Un laboratoire pharmaceutique, Purdue, et sa riche famille propriétaire, les Sackler, ont accepté de payer 270 millions de dollars pour mettre fin à une plainte de l'État de l'Oklahoma liée à la crise des opiacés, victoire majeure contre les industriels accusés d'avoir favorisé la dépendance aux drogues qui ravage les États-Unis.

Le procureur général de cet État du Midwest, qui a vu comme d'autres exploser le nombre d'overdoses mortelles aux opiacés ces dernières années, a annoncé mardi ce paiement dans le cadre d'un accord à l'amiable passé avec Purdue Pharma, producteur de l'OxyContin, antidouleur au premier rang des accusés dans cette crise.

Ce sont les pratiques marketing des compagnies pharmaceutiques qui sont visées. En encourageant les médecins à prescrire, voire à surprescrire, ces analgésiques hautement addictifs, elles sont accusées d'avoir précipité des millions d'Américains dans la dépendance aux médicaments ou aux drogues dures ou de synthèse.

Les 270 millions de dollars serviront en grande partie à financer le centre de recherche sur les dépendances de l'université publique de Tulsa : il va recevoir de Purdue 102,5 millions de dollars dès maintenant, plus 75 millions de dollars sur cinq ans de la famille Sackler, et 20 millions de dollars en médicaments destinés à traiter les personnes dépendantes, a annoncé le procureur Mike Hunter.  

« C'est une victoire monumentale » dans la bataille contre la crise « cauchemardesque » des opiacés qui ravage les États-Unis, même si ce n'est qu'« un premier pas » pour y mettre fin, a-t-il ajouté.

Procès attendu fin maiL'accord à l'amiable ne met pas fin à la plainte déposée en 2017 par l'Oklahoma contre les fabricants d'opiacés, qui attaquait non seulement Purdue mais aussi Johnson & Johnson et Teva.

Ces derniers restent attendus au tribunal dans l'Oklahoma le 28 mai, pour se défendre d'avoir promu ces médicaments alors même qu'ils connaissaient leurs effets néfastes. Ce devrait être le premier grand procès contre les laboratoires dans cette crise des opiacés déclarée « urgence de santé publique » par le gouvernement Trump fin 2017.

A moins qu'eux aussi négocient d'ici là un accord avec l'Oklahoma, ce que n'a pas complètement exclu M. Hunter.

D'autres accords à l'amiable pourraient suivre dans d'autres juridictions où Purdue Pharma a été attaqué pour des faits similaires : au moins 1600 plaintes ont été enregistrées au niveau fédéral, supervisées par un juge de Cleveland, et des centaines au niveau des États, dont New York et le Massachusetts.

Face à cette avalanche de plaintes, la direction de Purdue avait évoqué la possibilité de se déclarer en faillite.  

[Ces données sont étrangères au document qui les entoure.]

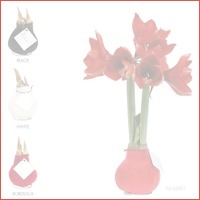 Amaryllis Velvet Touch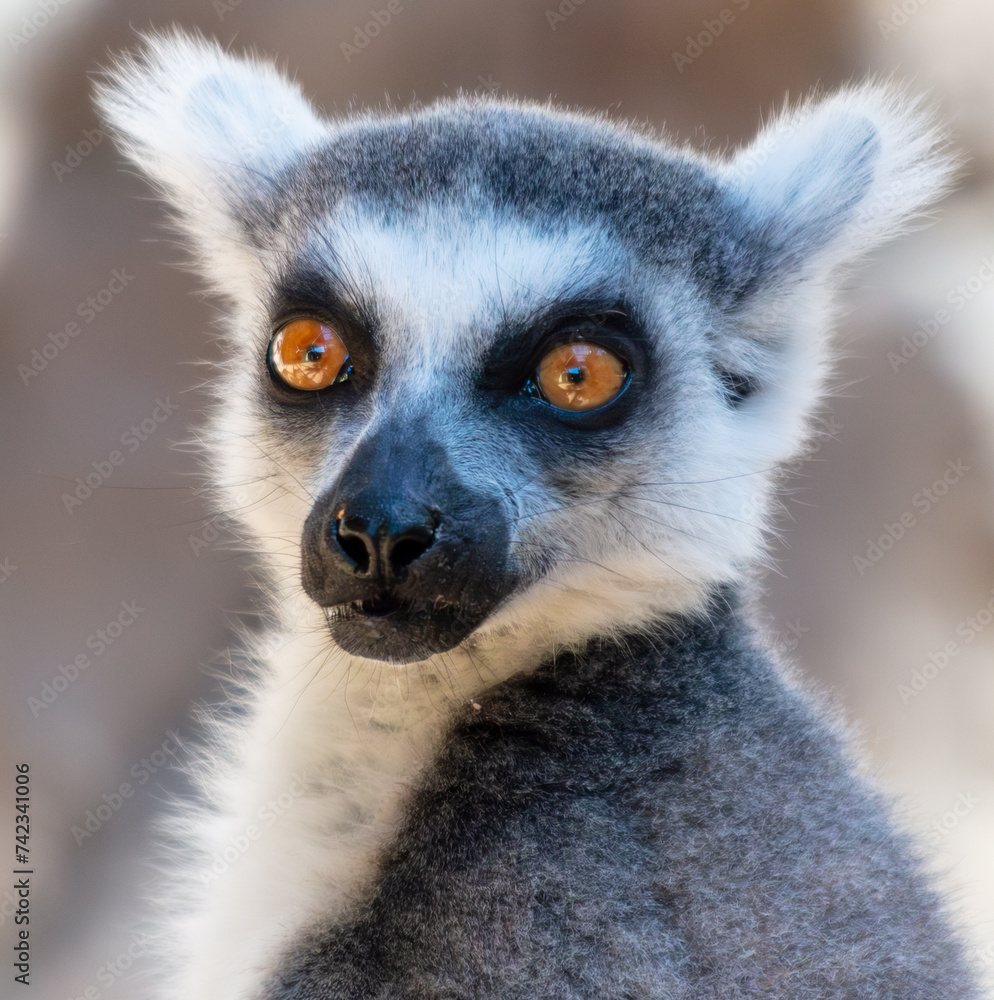 Obraz premium Portrait of a lemur in the zoo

Le procureur Hunter a cependant indiqué mardi avoir tout fait pour s'assurer que la société ne se mettrait pas « en faillite à court terme », pour pouvoir honorer le paiement promis.  

Purdue et les Sackler, cible no1Le président de Purdue, le docteur Craig Landau, a assuré que l'accord trouvé reflétait « la détermination (de la société) à jouer un rôle moteur pour résoudre la crise des opiacés ».

Un porte-parole de la famille Sackler a lui aussi affirmé « sa détermination à contribuer substantiellement à sauver des vies ».

Si d'autres fabricants de médicaments opiacés sont sur la sellette, Purdue et la famille Sackler- de grands philanthropes dont le nom orne de nombreux musées aux États-Unis et en Europe - ont été la première cible des critiques. Les Sackler ont amassé des milliards de dollars grâce à l'OxyContin.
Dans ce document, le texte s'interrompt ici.